Exercise aim:
Type out the data exactly as given. Skip any image.

──────── Data for processing

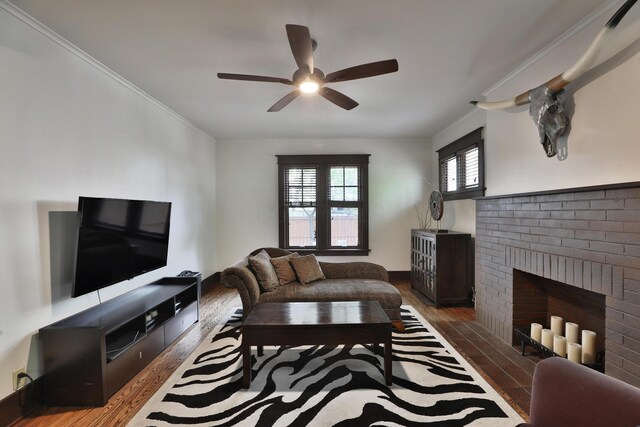 2663 Glen Echo Dr, Columbus, OH 43202 - living room with a ceiling fan, wood finished floors, a brick fireplace, crown molding, and baseboards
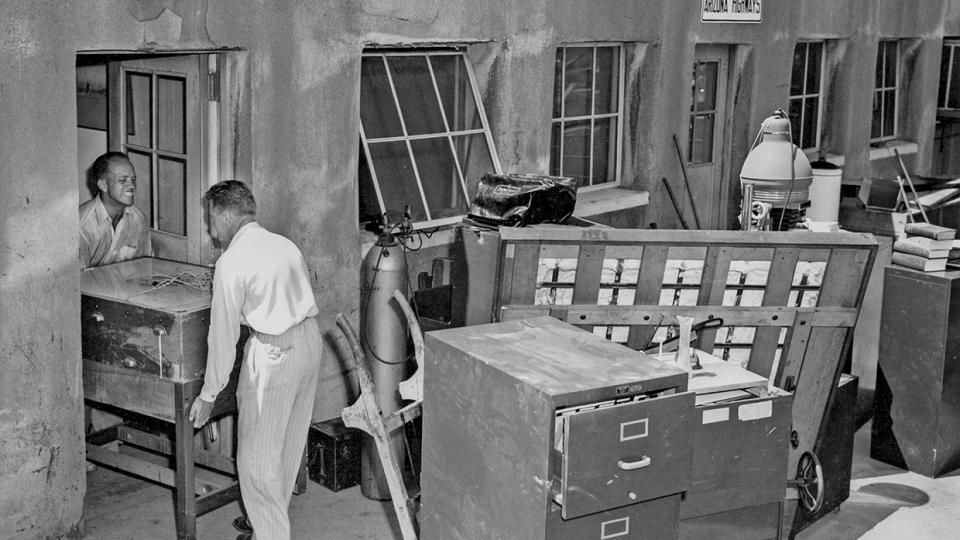 Raymond Carlson (left) helps move furniture from our first office.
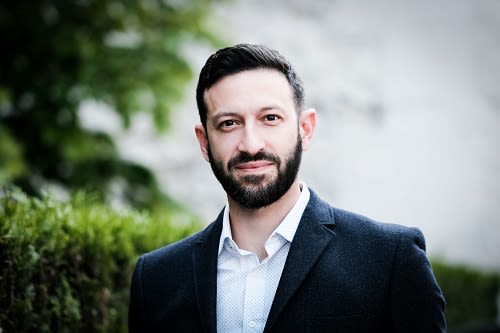 Head shot of Professor Michele Acuto in suit.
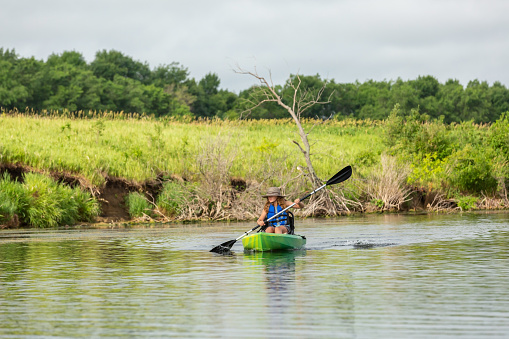 Front view of a young girl kayaking on a small lake on a summer day. The girl is wearing a straw hat and blue life jacket. She is in a green and yellow kayak with a black paddle.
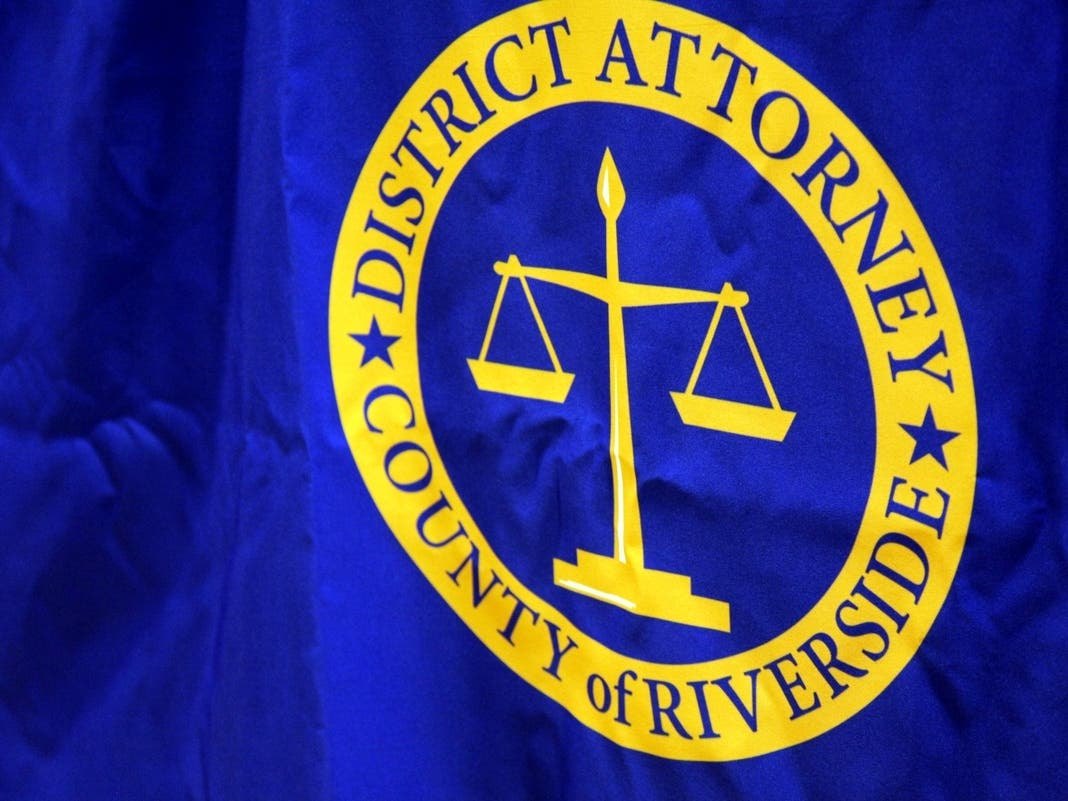 Blue flag bearing the gold seal of the District Attorney, County of Riverside, with scales of justice.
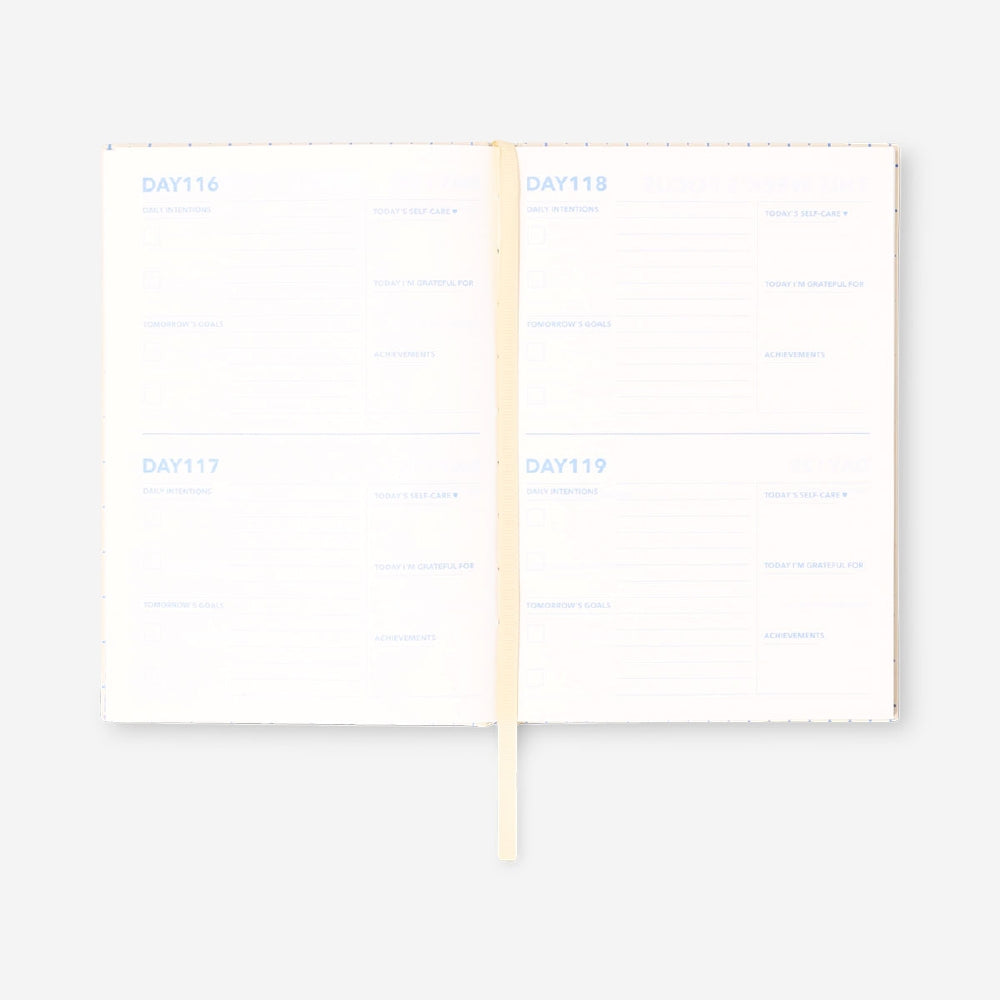 Flying Tiger Copenhagen self-care journal for office use, featuring a clean design and space for notes and wellness tracking.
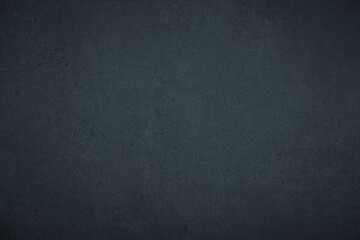 Dark gloomy blue and black slate background or texture with vignette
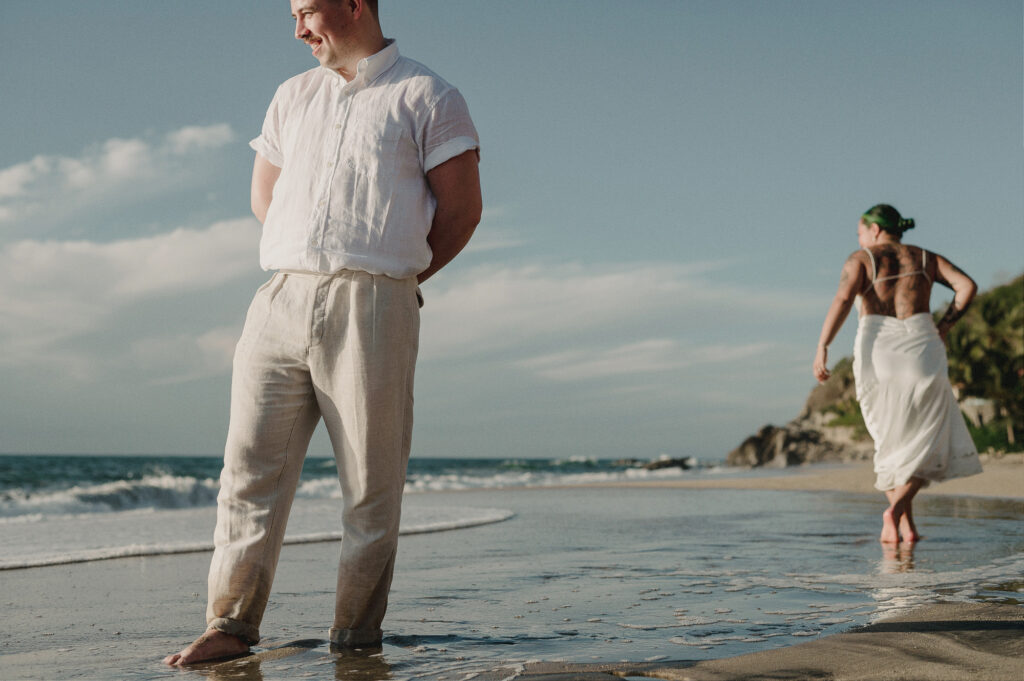 Groom smiling on shore at Villa Amor Sayulita elopement, partner walking in background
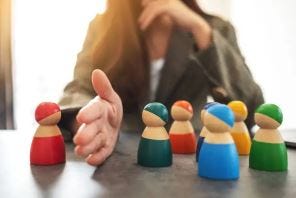 The picture shows a hand separating one child doll from a group of other dolls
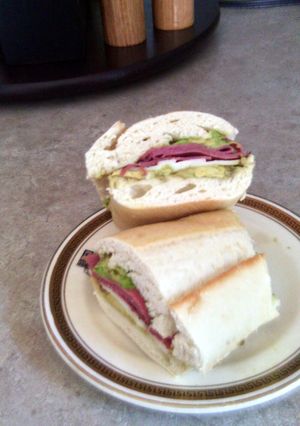 A picture of Katie's Smoked meat sandwich.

────────────────

Task answer:
 2663 Glen Echo Dr, Columbus, OH 43202 - living room with a ceiling fan, wood finished floors, a brick fireplace, crown molding, and baseboards
 Raymond Carlson (left) helps move furniture from our first office.
 Head shot of Professor Michele Acuto in suit.
 Front view of a young girl kayaking on a small lake on a summer day. The girl is wearing a straw hat and blue life jacket. She is in a green and yellow kayak with a black paddle.
 Blue flag bearing the gold seal of the District Attorney, County of Riverside, with scales of justice.
 Flying Tiger Copenhagen self-care journal for office use, featuring a clean design and space for notes and wellness tracking.
 Dark gloomy blue and black slate background or texture with vignette
 Groom smiling on shore at Villa Amor Sayulita elopement, partner walking in background
 The picture shows a hand separating one child doll from a group of other dolls
 A picture of Katie's Smoked meat sandwich.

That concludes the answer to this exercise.